● DESCRIPTION OF THE TASK:
Give the data again exactly as written, skipping any pictures.

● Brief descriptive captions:

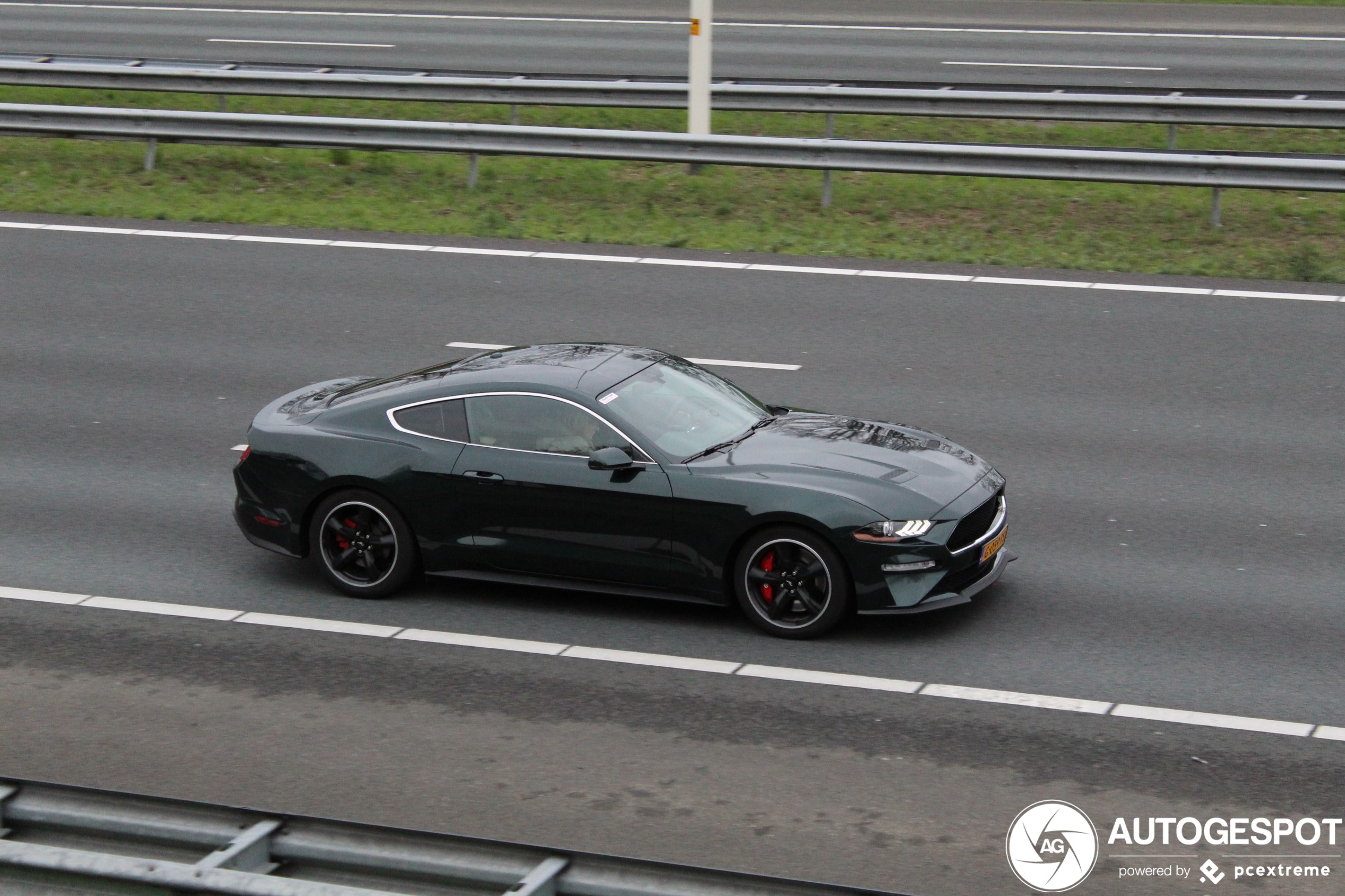 Ford Mustang Bullitt 2019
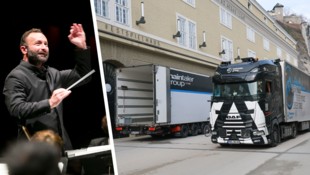 Chefdirigent Kirill Petrenko dirigiert den „Ring“ mit großer Orchester-Besetzung.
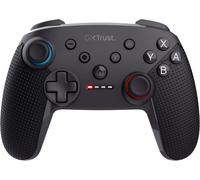 SEPT-Trust GXT 1246 Muta Manette Switch Sans Fil avec Bluetooth, Double Vibration, Capteur de Mouvement, Bouton Turbo et Capture d'Écran, 15h de Jeu, pour Nintendo Switch, Lite, OLED, Noir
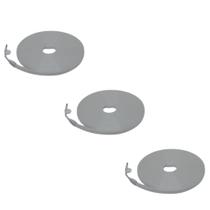3 Fita Neon 12V 3000K 1000lm Luz Quente 10W Save Energy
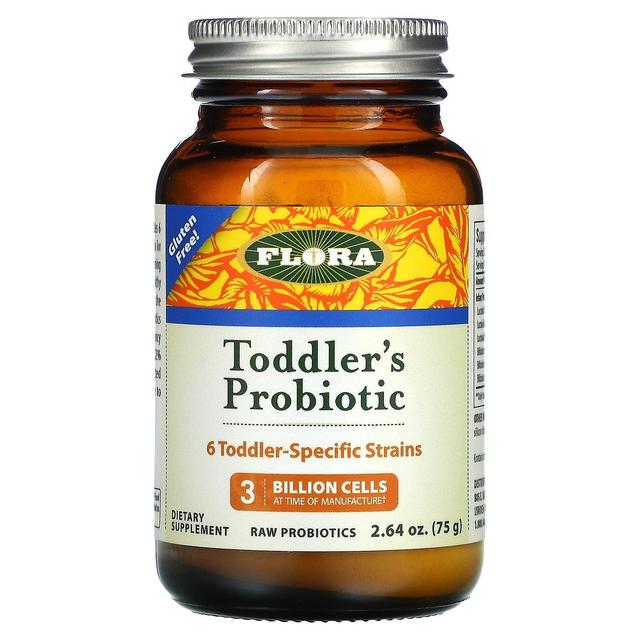 Flora, Toddler's Probiotic, 3 Billion, 2.64 oz (75 g) on Productcaster.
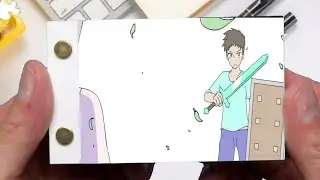 Skeleton's confession | Minecraft anime | Anime Flipbook | Flappingo Drawing|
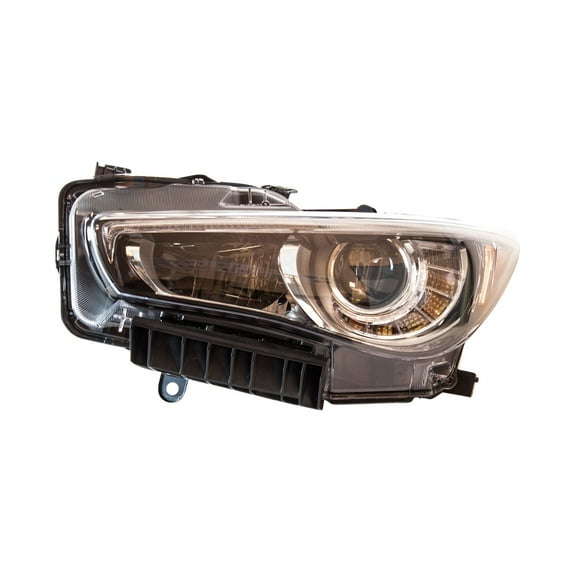 TYC 20-9506-00-9 Left Headlight Assembly for 2014-2015 Infiniti Q50 IN2502157 Fits 2014 Infiniti Q50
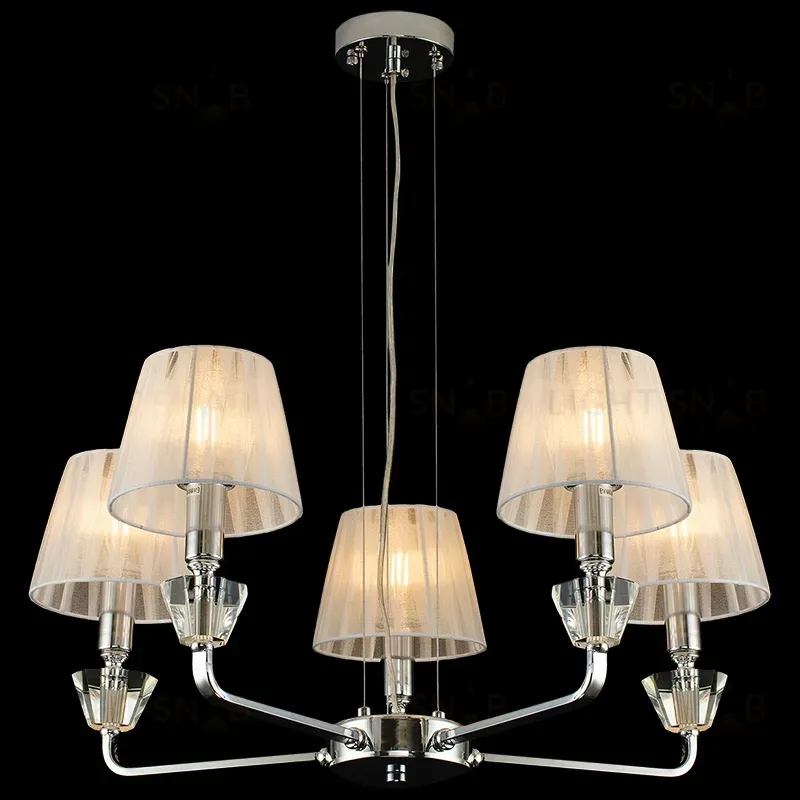 Подвесная люстра Illumico IL5274-5N-27 CR IL5274-5N-27 CR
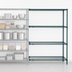 Thumbnail image #3 for Metro Super Erecta Add-On Wire Shelving Unit, 60W x 18D x 63H, 4 Shelves, Metroseal 3 Epoxy-Coated with Microban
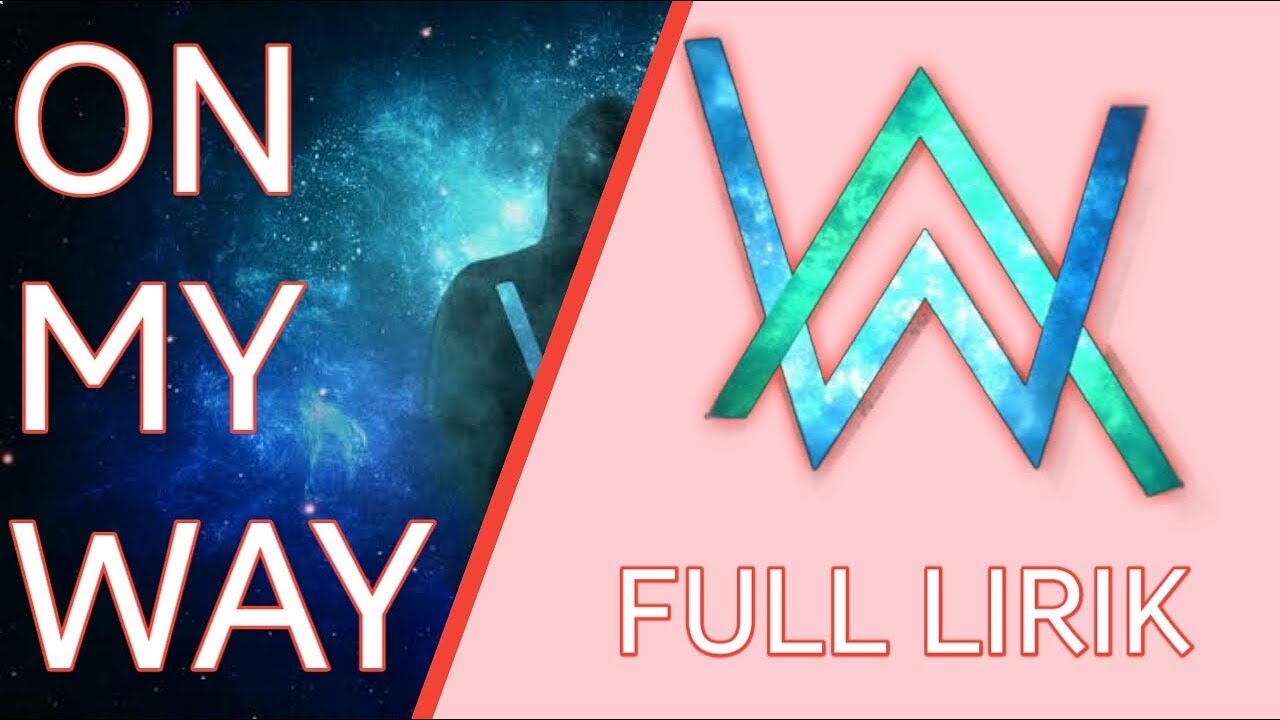 On My Way song lyrics with emotional background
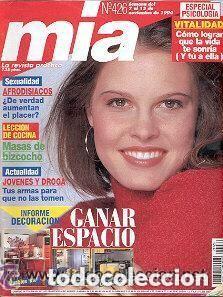 Collection Magazines and Newspapers: MIA N 426 DEL 7 AL 13 DE NOVIEMBRE DE 1994 . Mira todos mis dem&aacute;s art&iacute;culos para aprovechar
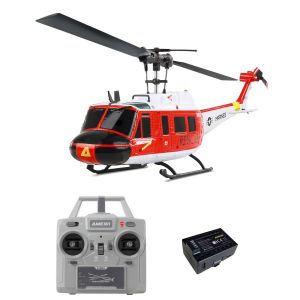 Amewi H&eacute;licopt&egrave;re CP marin sans balais UH-1- 6 canaux - 6G/3D - RTF
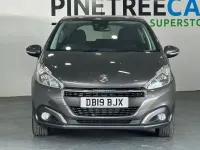 Used Peugeot 208 S 82 HP (60 kW) 2019 Grey Hatchback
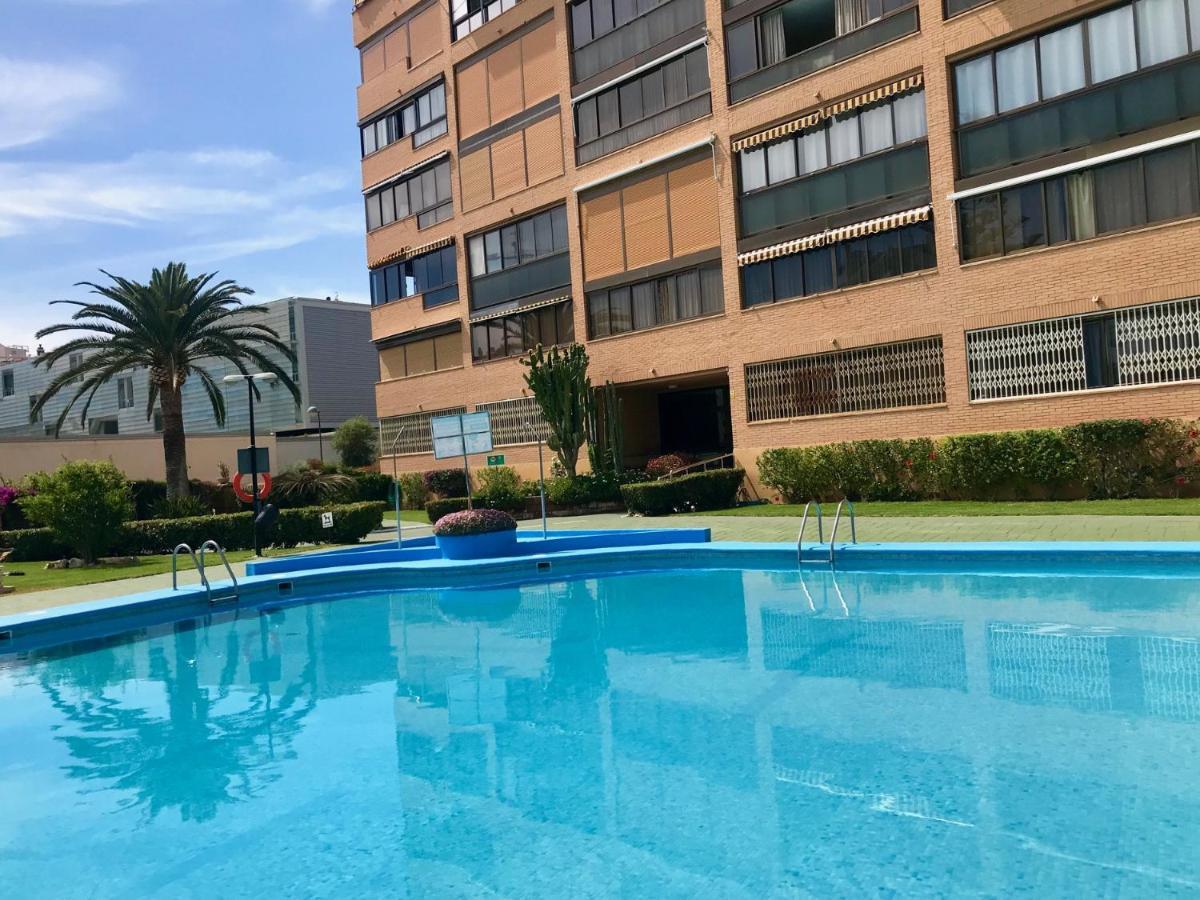 Albaida Park Apartment Benidorm Kültér fotó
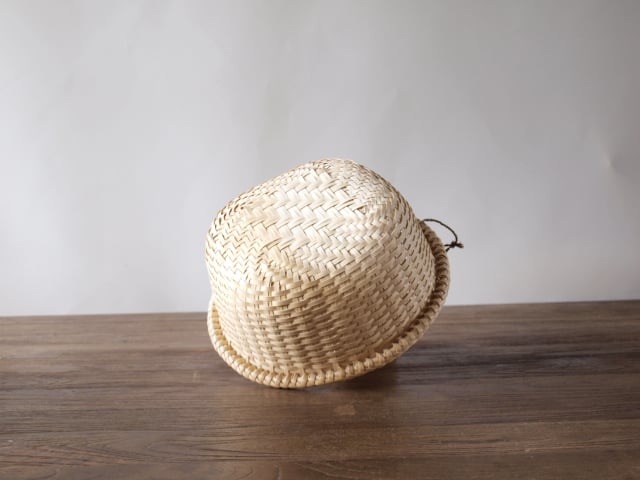 福島県奥会津 金山町マタタビ米研ぎざる 大ｻｲｽﾞφ直径25cm 3～5合から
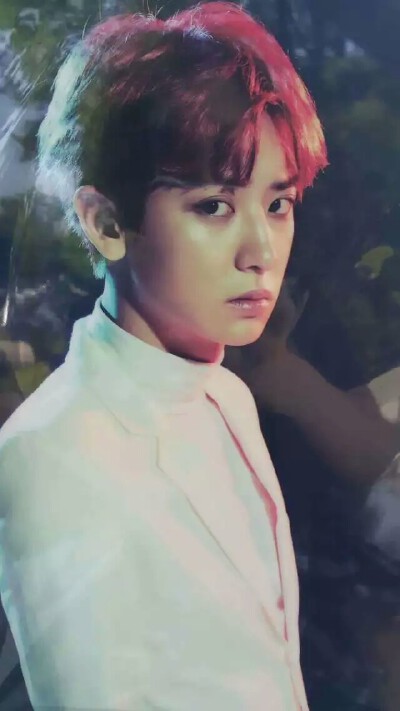 屿灿♢朴灿烈ChanYeol♢官方周边 这张感觉好可爱qwq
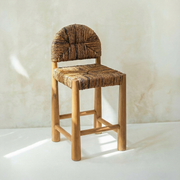 Loka Banana Leaf Bar Stool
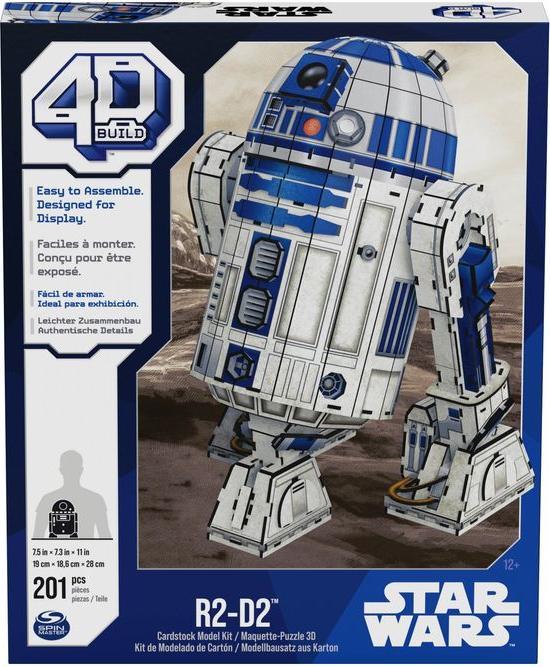 Actual product image Spin Master Fdp Apz Sw R2d2 Gml (201 pieces)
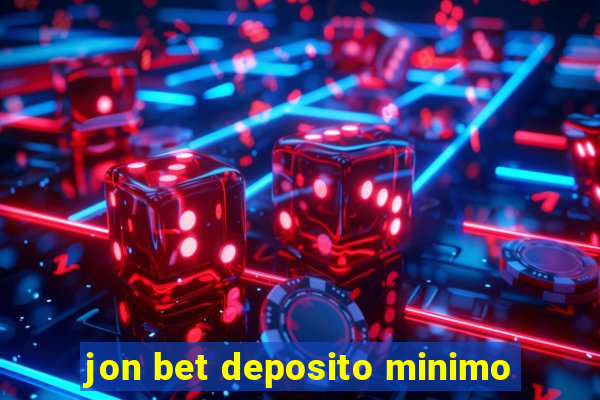 jon bet deposito minimo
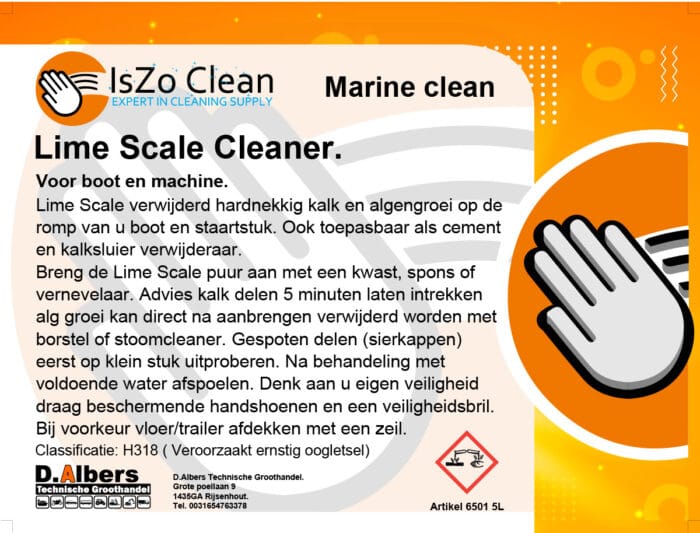 Lime Scale Cleaner - Afbeelding 2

● EXPECTED ANSWER:
 Ford Mustang Bullitt 2019
 Chefdirigent Kirill Petrenko dirigiert den „Ring“ mit großer Orchester-Besetzung.
 SEPT-Trust GXT 1246 Muta Manette Switch Sans Fil avec Bluetooth, Double Vibration, Capteur de Mouvement, Bouton Turbo et Capture d'Écran, 15h de Jeu, pour Nintendo Switch, Lite, OLED, Noir
3 Fita Neon 12V 3000K 1000lm Luz Quente 10W Save Energy
 Flora, Toddler's Probiotic, 3 Billion, 2.64 oz (75 g) on Productcaster.
 Skeleton's confession | Minecraft anime | Anime Flipbook | Flappingo Drawing|
 TYC 20-9506-00-9 Left Headlight Assembly for 2014-2015 Infiniti Q50 IN2502157 Fits 2014 Infiniti Q50
 Подвесная люстра Illumico IL5274-5N-27 CR IL5274-5N-27 CR
 Thumbnail image #3 for Metro Super Erecta Add-On Wire Shelving Unit, 60W x 18D x 63H, 4 Shelves, Metroseal 3 Epoxy-Coated with Microban
 On My Way song lyrics with emotional background
 Collection Magazines and Newspapers: MIA N 426 DEL 7 AL 13 DE NOVIEMBRE DE 1994 . Mira todos mis dem&aacute;s art&iacute;culos para aprovechar
 Amewi H&eacute;licopt&egrave;re CP marin sans balais UH-1- 6 canaux - 6G/3D - RTF
 Used Peugeot 208 S 82 HP (60 kW) 2019 Grey Hatchback
 Albaida Park Apartment Benidorm Kültér fotó
 福島県奥会津 金山町マタタビ米研ぎざる 大ｻｲｽﾞφ直径25cm 3～5合から
 屿灿♢朴灿烈ChanYeol♢官方周边 这张感觉好可爱qwq
 Loka Banana Leaf Bar Stool
 Actual product image Spin Master Fdp Apz Sw R2d2 Gml (201 pieces)
 jon bet deposito minimo
 Lime Scale Cleaner - Afbeelding 2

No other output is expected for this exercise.